Exercise goal: Reproduce word for word the lines between the one containing "Stihl HT135 Teleskopstangsav" and the end of the entries below, both inclusive; leave out pictures.

-- Given information follows --

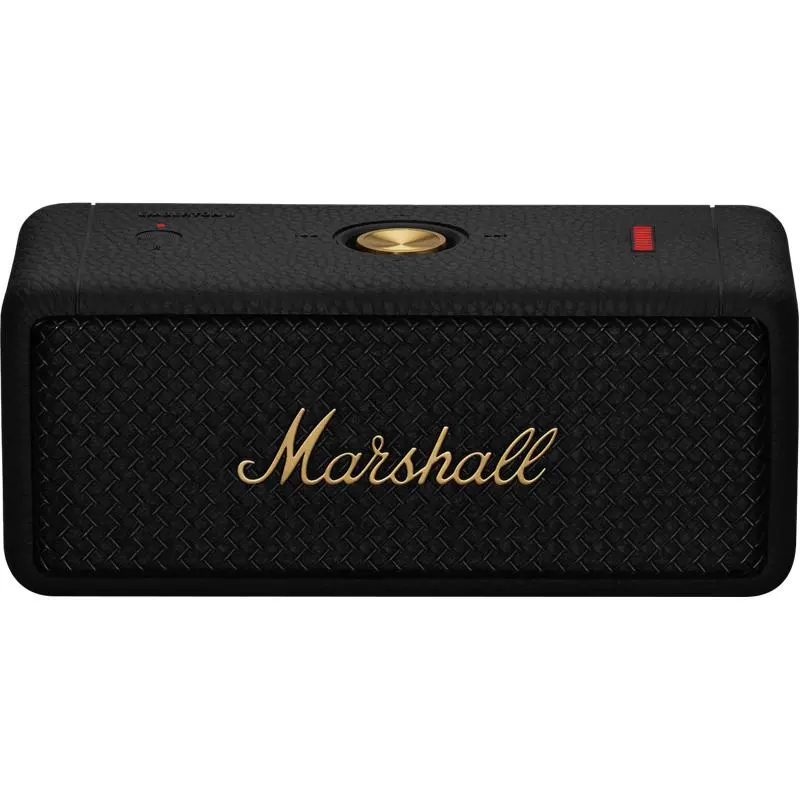 Marshall 马歇尔 MEMBERTON II无线蓝牙音响 ￥1199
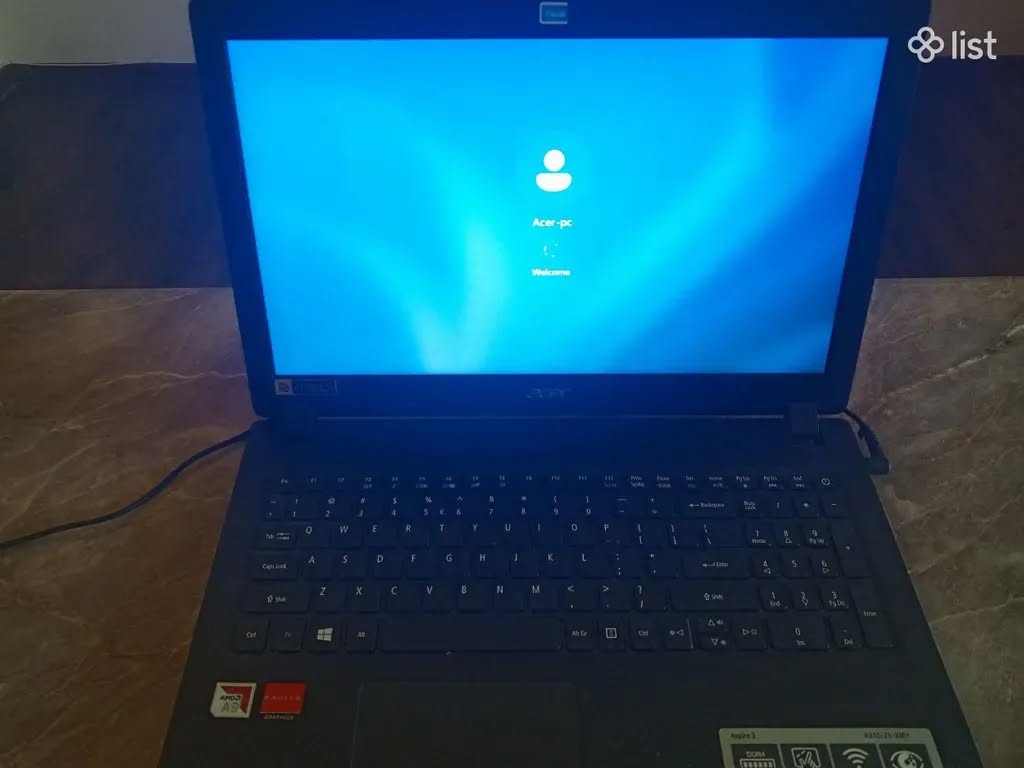 # Acer Aspire 3 A315-21 — 90,000֏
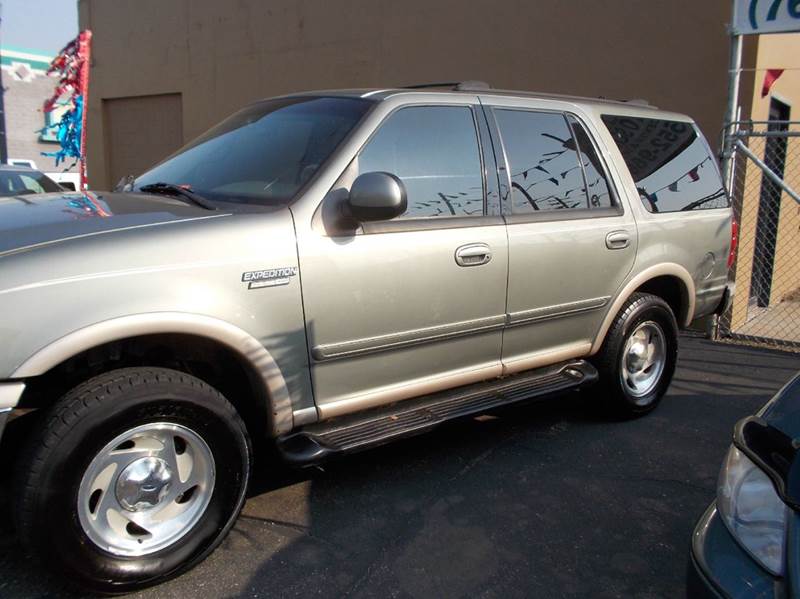 1999 Ford Expedition for sale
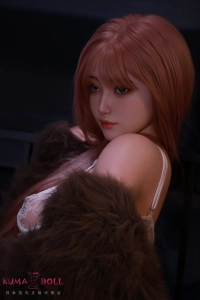 清楚で愛らしい 美少女 ラブドール 158cm 等身大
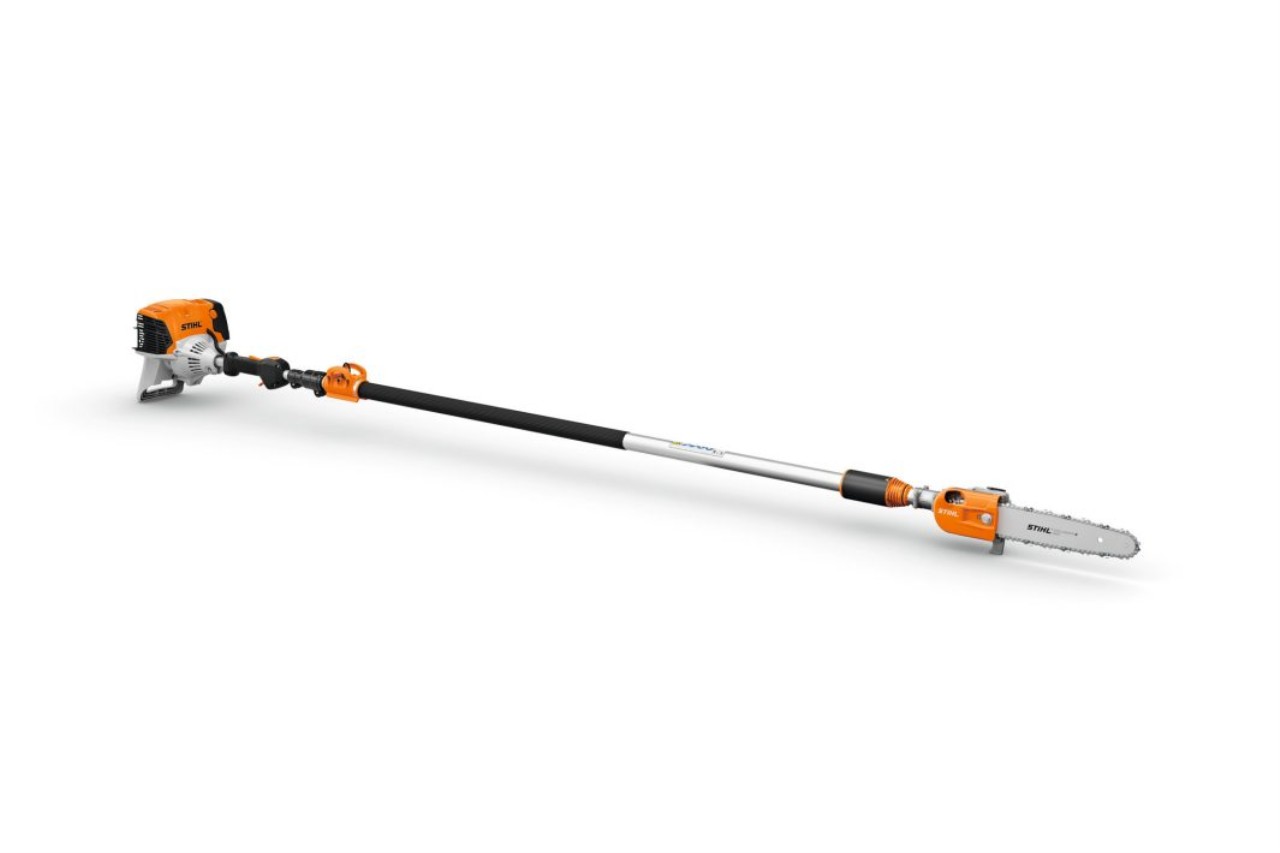 Stihl HT135 Teleskopstangsav 30cm1/4" 270-390mm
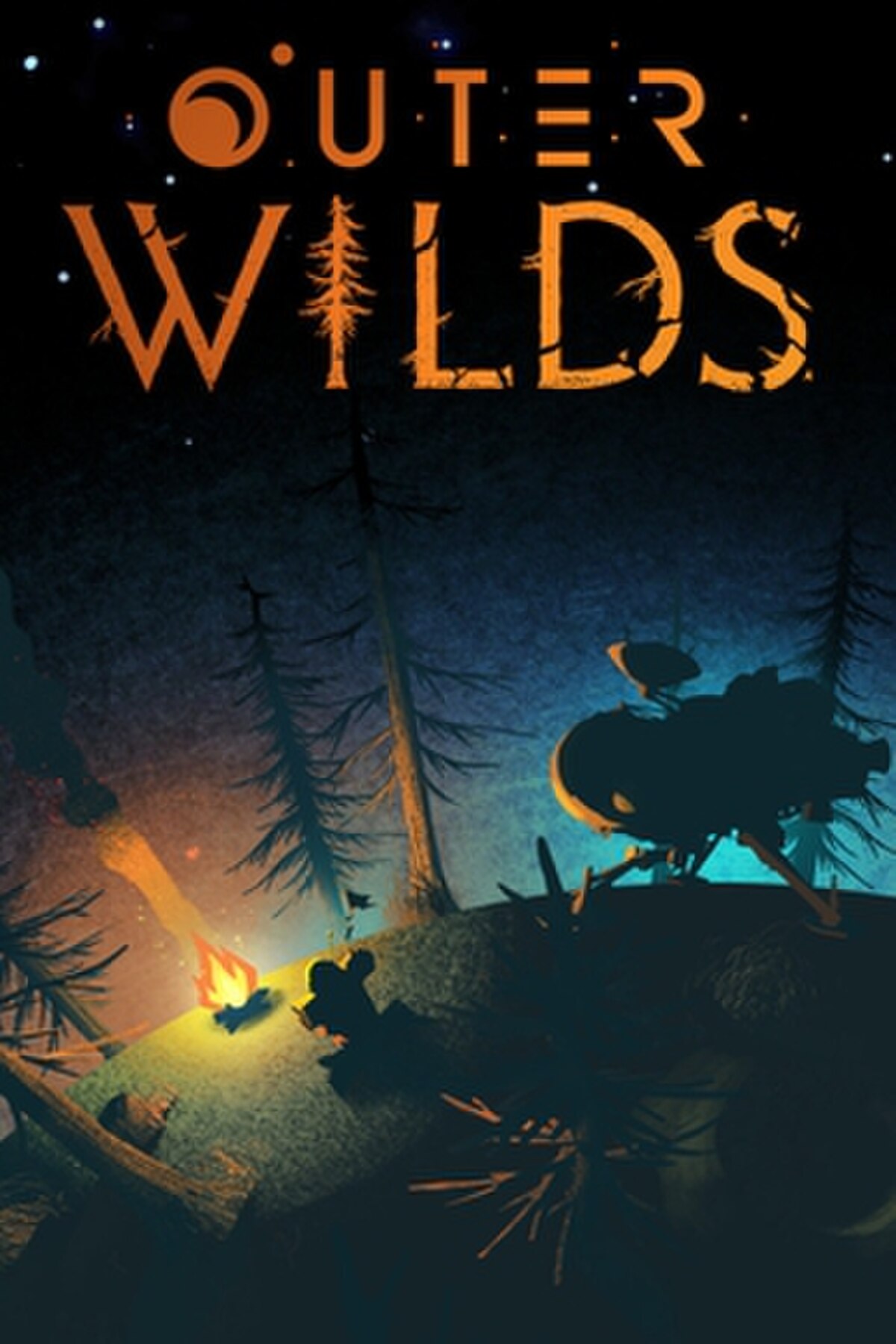 Outer Wilds — istraživač svemira u malom solarnom sustavu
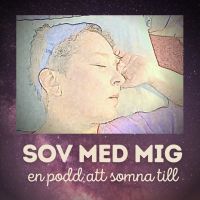 Sov med mig cover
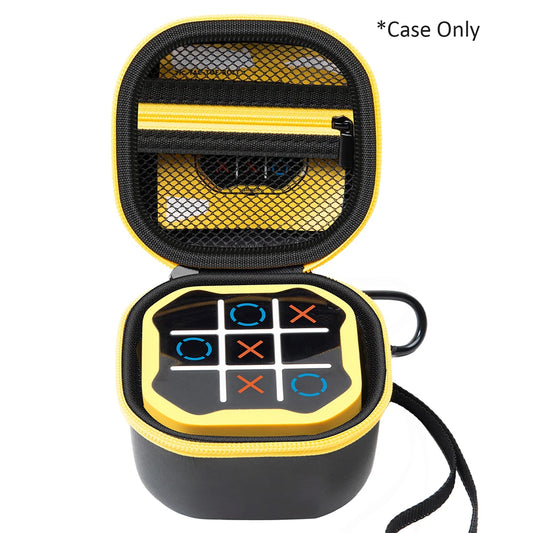 Tic Tac Toe Case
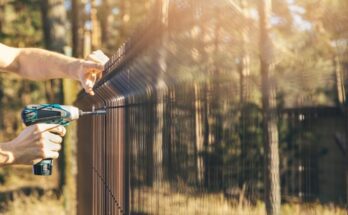 Common Mistakes with Installing Fences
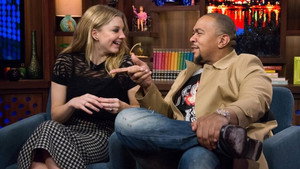 Watch What Happens Live with Andy Cohen 12. évad Ep.188 188. epizód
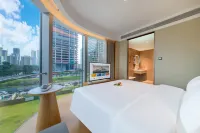 Yibo Hotel (Pazhou Exhibition Center Guangzhou Tower Branch)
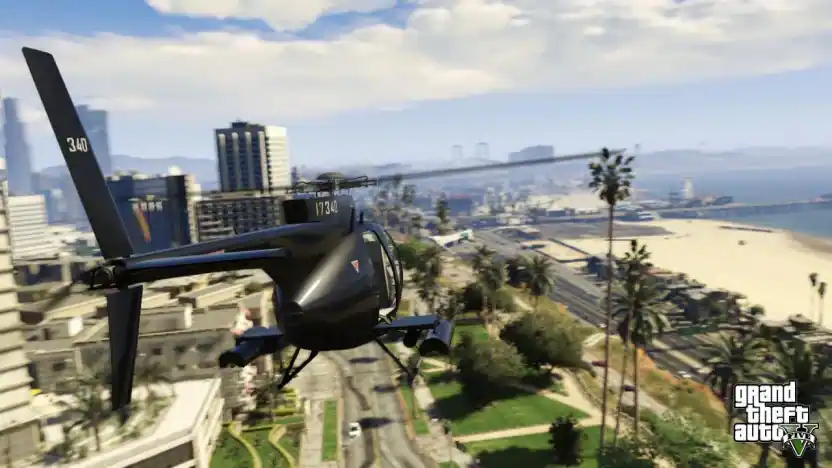 Buzzard Attack Chopper — reveal image 10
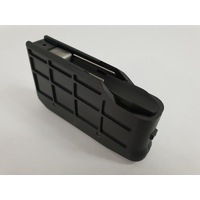 TIKKA T3/T3X "S" Magazine 4-Rd Metal Lip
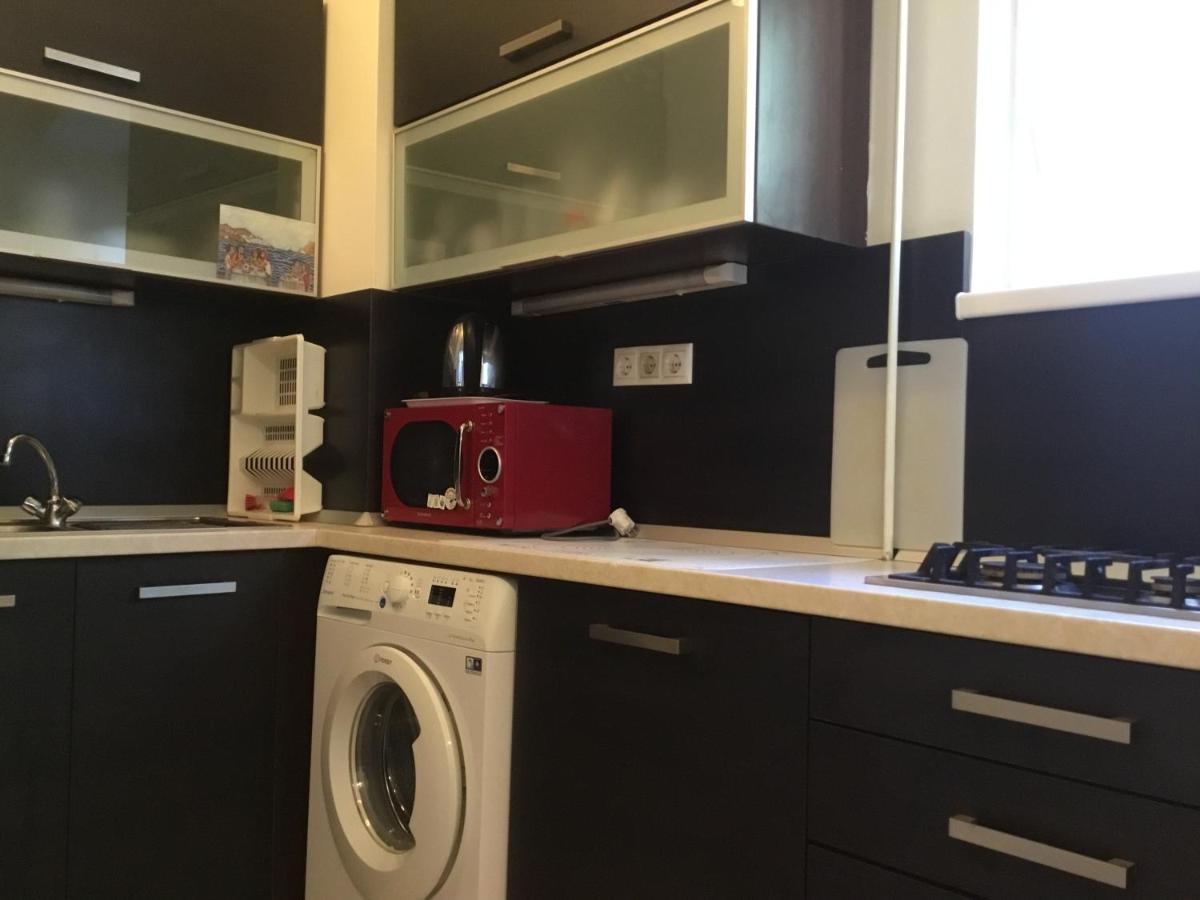 Corso Quiet Leilighet Budapest Eksteriør bilde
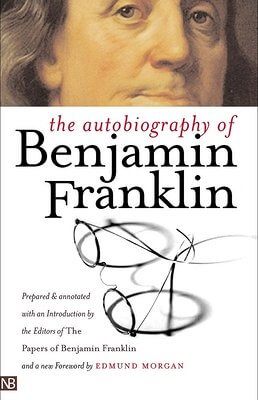 Benjamin Franklin Autobiography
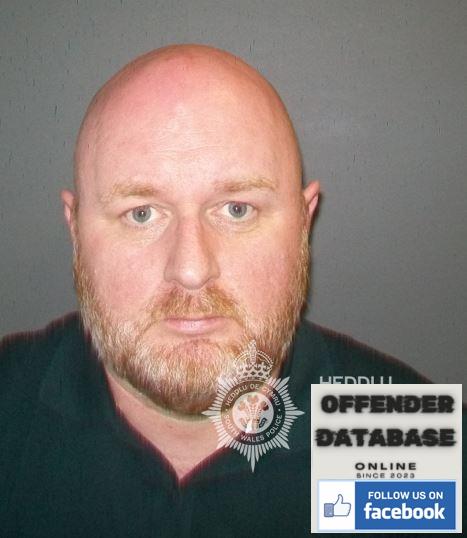 Iain Marsh paedophile child sex offender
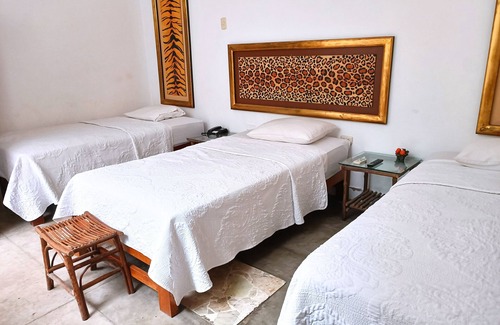 Piura Hotel | Hotel Ayenda Mango Verde Bed & Breakfast Piura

-- Given information concluded --

Exercise response:
 Stihl HT135 Teleskopstangsav 30cm1/4" 270-390mm
 Outer Wilds — istraživač svemira u malom solarnom sustavu
 Sov med mig cover
 Tic Tac Toe Case
 Common Mistakes with Installing Fences
 Watch What Happens Live with Andy Cohen 12. évad Ep.188 188. epizód
 Yibo Hotel (Pazhou Exhibition Center Guangzhou Tower Branch)
 Buzzard Attack Chopper — reveal image 10
 TIKKA T3/T3X "S" Magazine 4-Rd Metal Lip
 Corso Quiet Leilighet Budapest Eksteriør bilde
 Benjamin Franklin Autobiography
 Iain Marsh paedophile child sex offender
 Piura Hotel | Hotel Ayenda Mango Verde Bed & Breakfast Piura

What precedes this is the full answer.